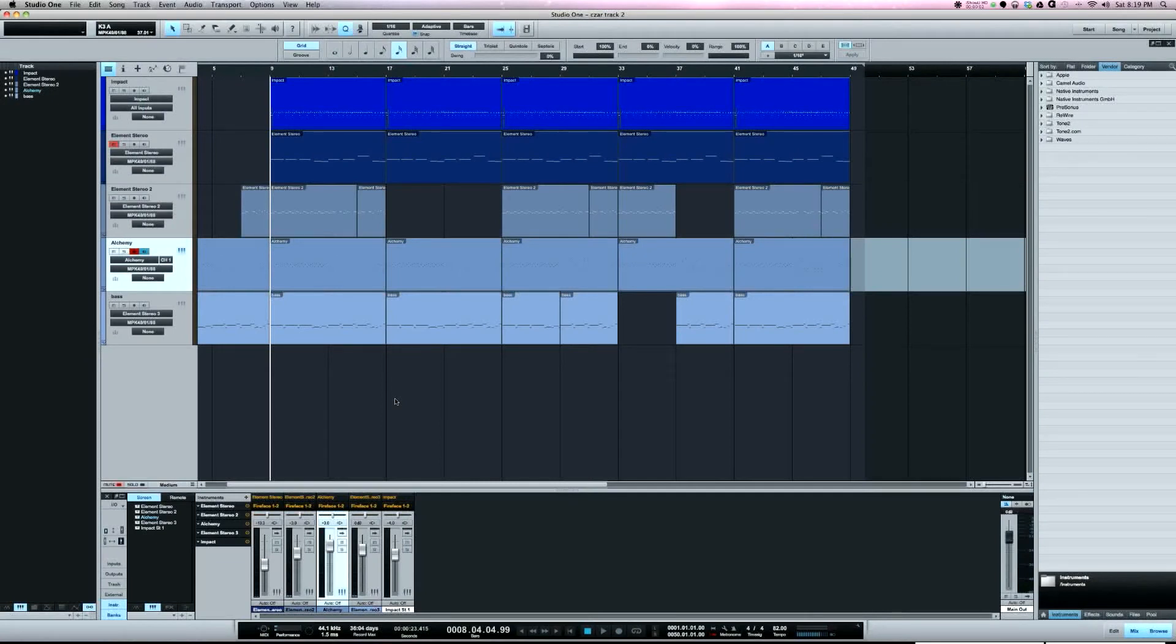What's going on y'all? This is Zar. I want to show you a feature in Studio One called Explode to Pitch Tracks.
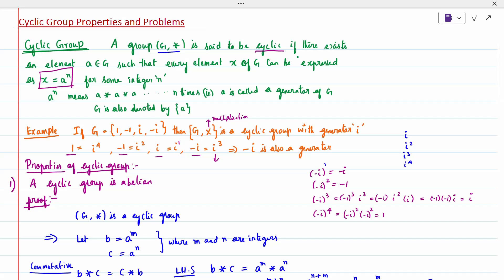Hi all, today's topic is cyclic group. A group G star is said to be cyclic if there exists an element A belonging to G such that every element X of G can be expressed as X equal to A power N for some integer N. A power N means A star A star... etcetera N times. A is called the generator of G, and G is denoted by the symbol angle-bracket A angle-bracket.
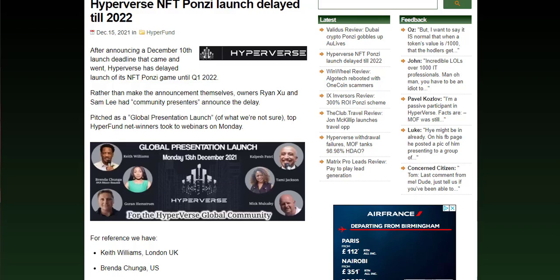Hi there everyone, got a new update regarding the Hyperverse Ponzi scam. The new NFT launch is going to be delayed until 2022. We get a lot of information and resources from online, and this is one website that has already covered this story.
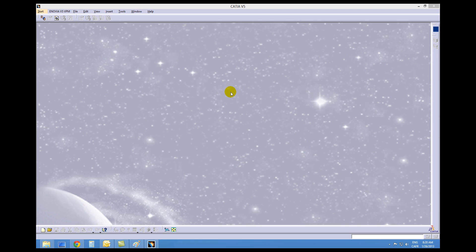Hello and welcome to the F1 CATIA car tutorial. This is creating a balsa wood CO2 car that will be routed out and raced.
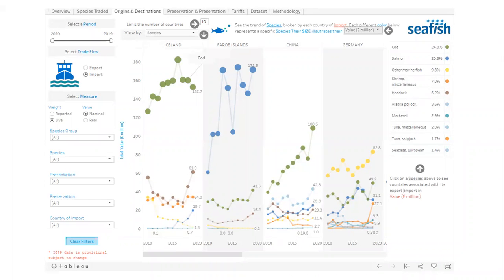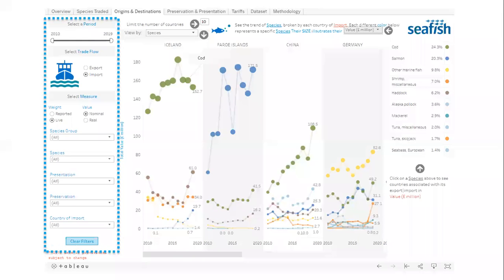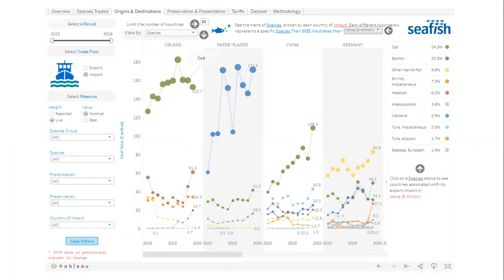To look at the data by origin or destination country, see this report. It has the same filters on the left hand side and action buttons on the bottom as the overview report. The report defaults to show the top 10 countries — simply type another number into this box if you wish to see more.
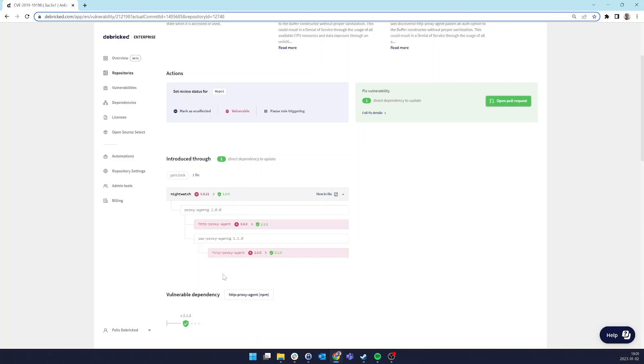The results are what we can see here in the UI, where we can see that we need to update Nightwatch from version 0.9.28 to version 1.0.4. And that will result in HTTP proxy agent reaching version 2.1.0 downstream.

- - - -

Verbatim transcription needed, from the opening line of the entries above through the line containing "Hello and welcome"; pictures do not belong in it.

What's going on y'all? This is Zar. I want to show you a feature in Studio One called Explode to Pitch Tracks.
Hi all, today's topic is cyclic group. A group G star is said to be cyclic if there exists an element A belonging to G such that every element X of G can be expressed as X equal to A power N for some integer N. A power N means A star A star... etcetera N times. A is called the generator of G, and G is denoted by the symbol angle-bracket A angle-bracket.
Hi there everyone, got a new update regarding the Hyperverse Ponzi scam. The new NFT launch is going to be delayed until 2022. We get a lot of information and resources from online, and this is one website that has already covered this story.
Hello and welcome to the F1 CATIA car tutorial. This is creating a balsa wood CO2 car that will be routed out and raced.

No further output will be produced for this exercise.